◆ Aim of the exercise ◆
The reply should hold only the lines below beginning at the one with "Skull And Roses" and ending at the one with "예쁜데이(DAY)헤어샵 | 수원", copied exactly, with every picture left out.

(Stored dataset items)
--- START ---
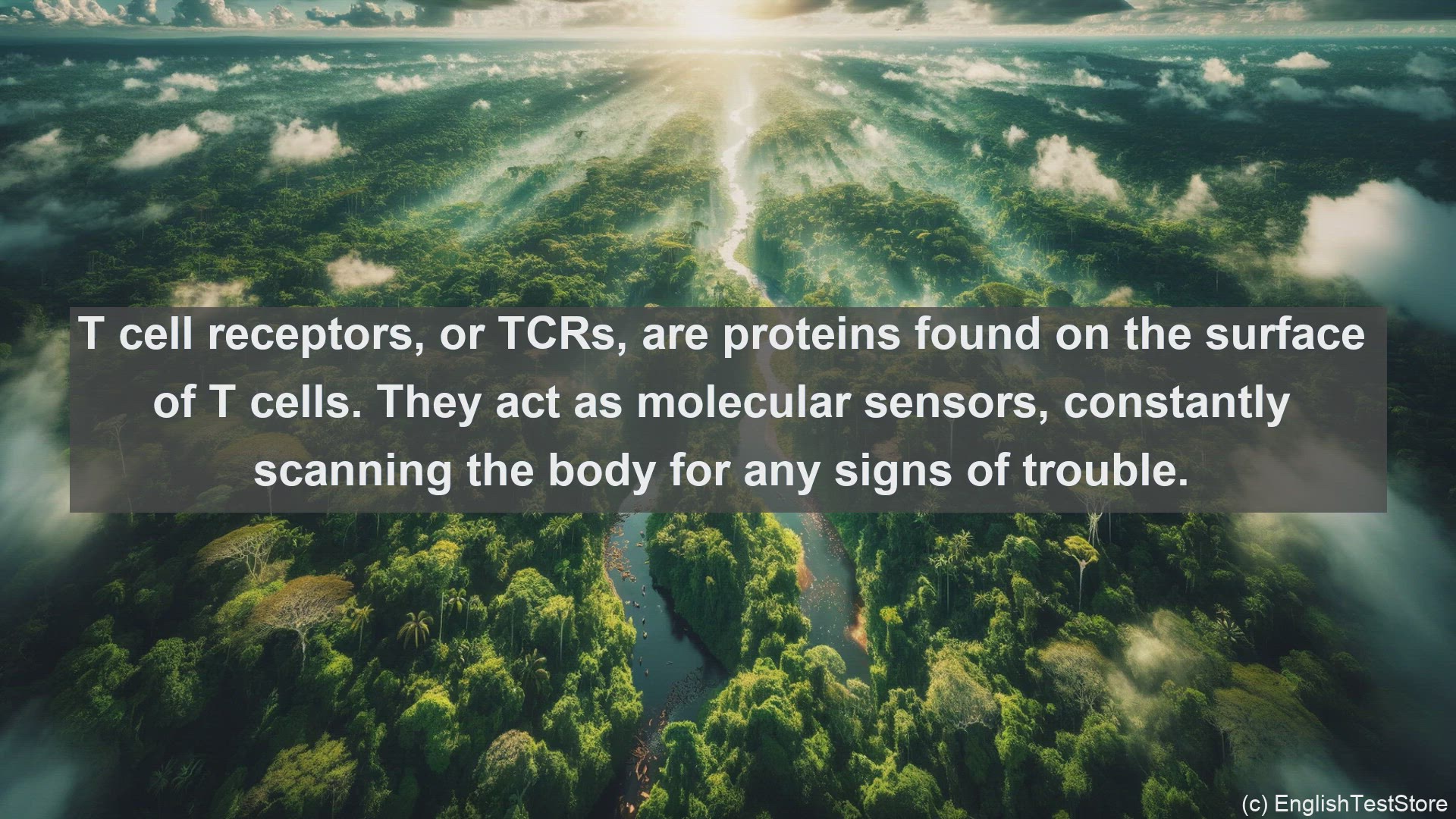'Video thumbnail for T cell receptors in science  definition and examples'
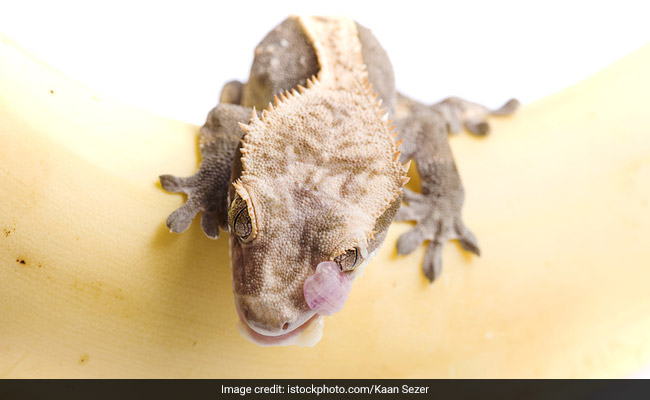 एयरपोर्ट पर 19 छिपकलियों के साथ सफर कर रही थी महिला, पुलिस ने पकड़ा और...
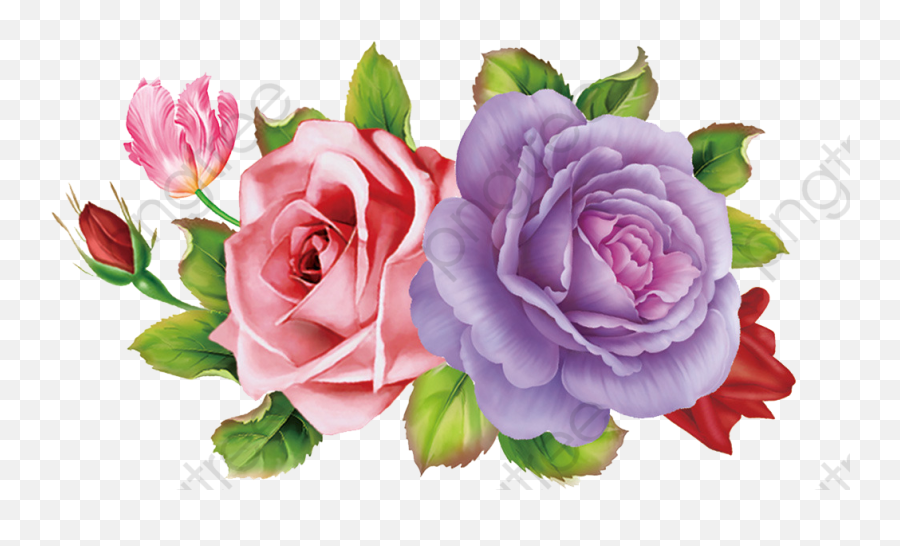 Skull And Roses Png - Pink Rose Png Purple Pink U0026 Purple Pink And Purple Rose Png,Purple Rose Png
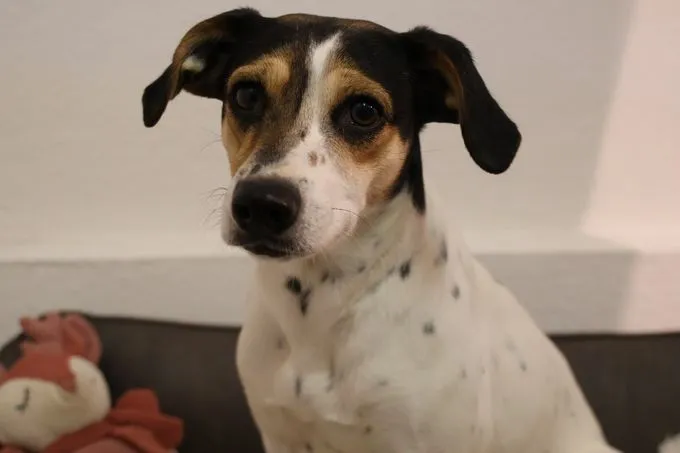 Dog from shelter, Pauline | Schwarz Braun Weiß Mischling Female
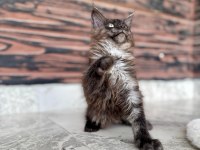 Wcf Kayıtlı Full Şecereli Şampiyon Soylu Maine Coon Yavruları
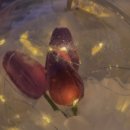 예쁜데이(DAY)헤어샵 | 수원 행궁 봄데이트🌸놀거리 방화수류정에서 저녁소풍✨️할 수 있는 피크닉데이 대여후기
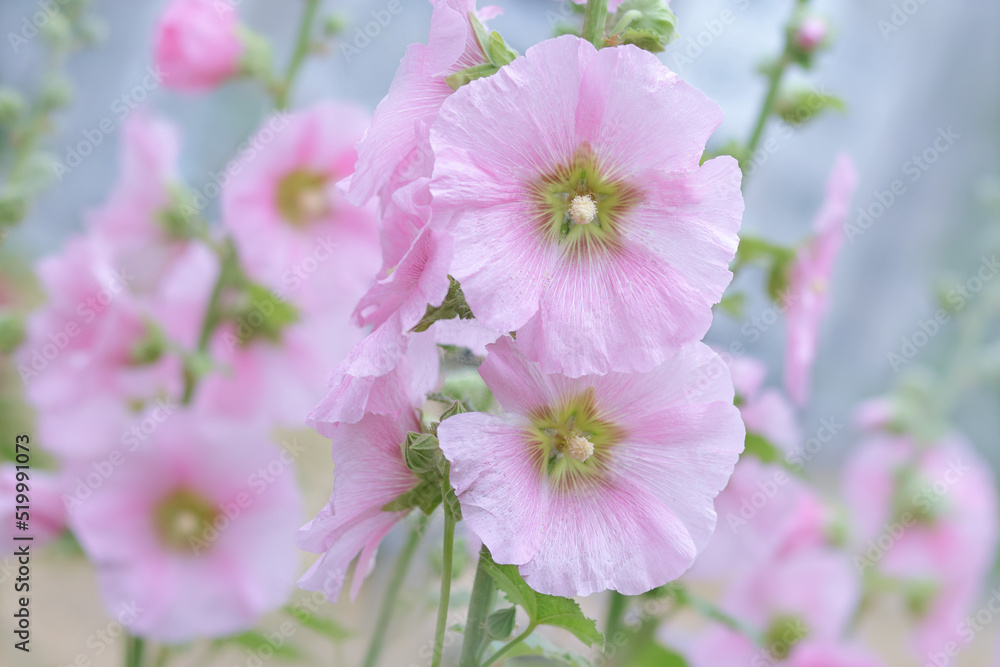 Obraz premium Pink Hollyhock flowers, Mallow. Alcea rosea is plant in the family Malvaceous. Blooming Hollyhock Malva flowers in the garden. Close up Althaea rosea flower on blurred background. 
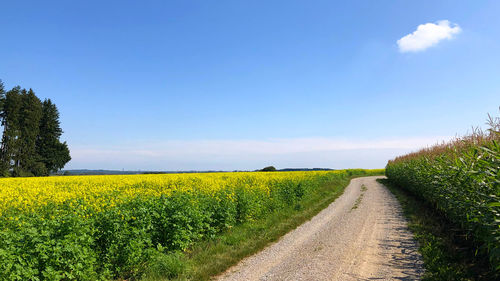 Scenic view of oilseed rape field against sky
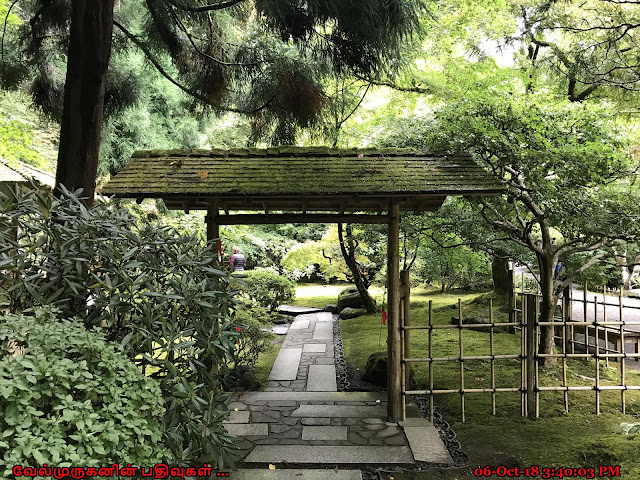 Japanese Garden Portland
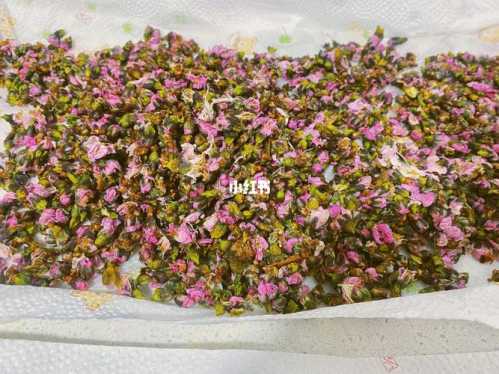 桃花白芷酒_桃花白芷酒的功效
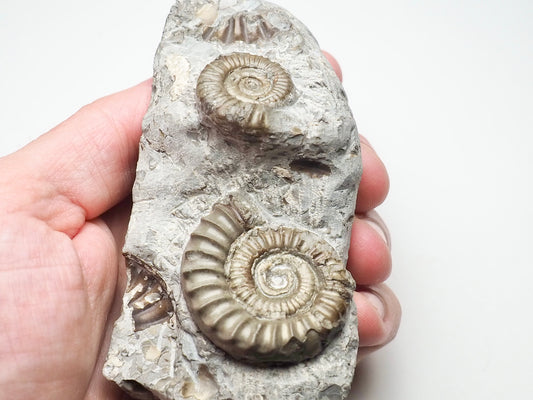 Arnioceras Ammonite Double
--- END ---
◆ Written response ◆
 Skull And Roses Png - Pink Rose Png Purple Pink U0026 Purple Pink And Purple Rose Png,Purple Rose Png
 Dog from shelter, Pauline | Schwarz Braun Weiß Mischling Female
 Wcf Kayıtlı Full Şecereli Şampiyon Soylu Maine Coon Yavruları
 예쁜데이(DAY)헤어샵 | 수원 행궁 봄데이트🌸놀거리 방화수류정에서 저녁소풍✨️할 수 있는 피크닉데이 대여후기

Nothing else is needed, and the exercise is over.